The benefit of modular systems stems from the fact that each module is developed independently and without making any assumptions about the context in which it will be used. This enables system builders to combine modules in ways not anticipated by the programmer, subject to only one constraint: that modules be connected in a compatible and meaningful fashion. But this very benefit is also a disadvantage: many performance optimizations are either difficult or impossible to employ in the absence of the full context in which a module is being used. Aside from impacting performance, modularity also makes it difficult to solve problems that require global context, such as guaranteeing a certain quality-of-service or optimal resource management.

The alternative to modular systems is to build systems in a vertically integrated fashion. With this approach, a system is programmed from the ground up and tailored exactly to the problem that it is designed to solve. By definition, the entire context of a system is known and available at the time the system is programmed. Given enough time and effort, this is guaranteed to lead to a system with the best possible performance. On the other hand, since modularity is given up, this approach is complex, time-consuming, and expensive. In other words, it is justifiable only when the lifetime or market for that one particular appliance is so large that the development costs can be amortized.

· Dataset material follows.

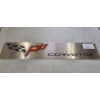 Image 1 : Metal Corvette Sign 1ft 6x1ft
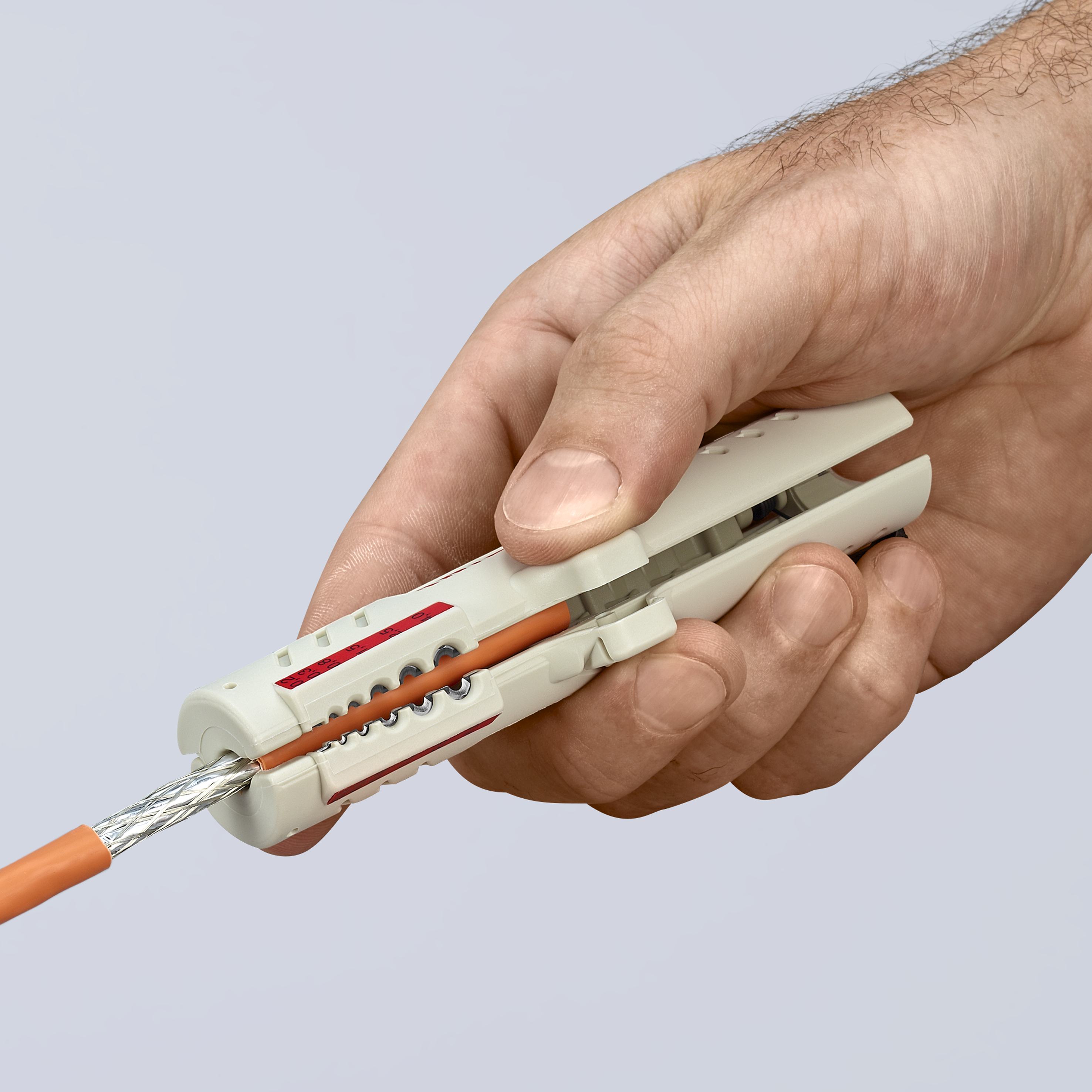 KNIPEX KNIPEX 16 65 125 SB Abmantelungswerkzeug für Datenkabel 125 mm KNIPEX KNIPEX 16 65 125 SB Abmantelungswerkzeug für Datenkabel 125 mm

It would be interesting to quantitatively compare the two approaches. This is surprisingly difficult because hardly ever is one and the same functionality (product) implemented both ways and then compared in an objective and direct manner. There are a few exceptions to this rule, however. Network file system servers are commercially important enough that there are several companies that build vertically integrated servers. For example, Network Appliance manufactures what can be reasonably considered vertically integrated file servers, whereas Digital Equipment is manufacturing relatively modular, UNIX based servers.² By comparing the SPEC file server benchmark [111] results for one file server from each company, we can provide at least one data-point that directly quantifies the cost of modularity. A price/performance ratio would be easiest to interpret, but prices for computer systems are notoriously volatile and pricing strategies also vary greatly between different companies. Thus, instead of comparing a price/performance ratio, we use the SPEC result and the amount of hardware required to achieve that result as a performance metric. Table 1 lists the SPEC file server benchmark results and hardware configurations for two comparable systems: a Network Appliance F540 and a Digital AlphaServer 2000 4/275. The table shows that for a response time of around 7.7ms, the F540 delivers more than five times the throughput of the AlphaServer. This is particularly remarkable when comparing the hardware configurations. As the table shows, the AlphaServer has much more raw hardware power than the F540; it has twice the number of CPUs, twice the amount of second level cache, four times the memory capacity, and almost twice the number of disks of the F540!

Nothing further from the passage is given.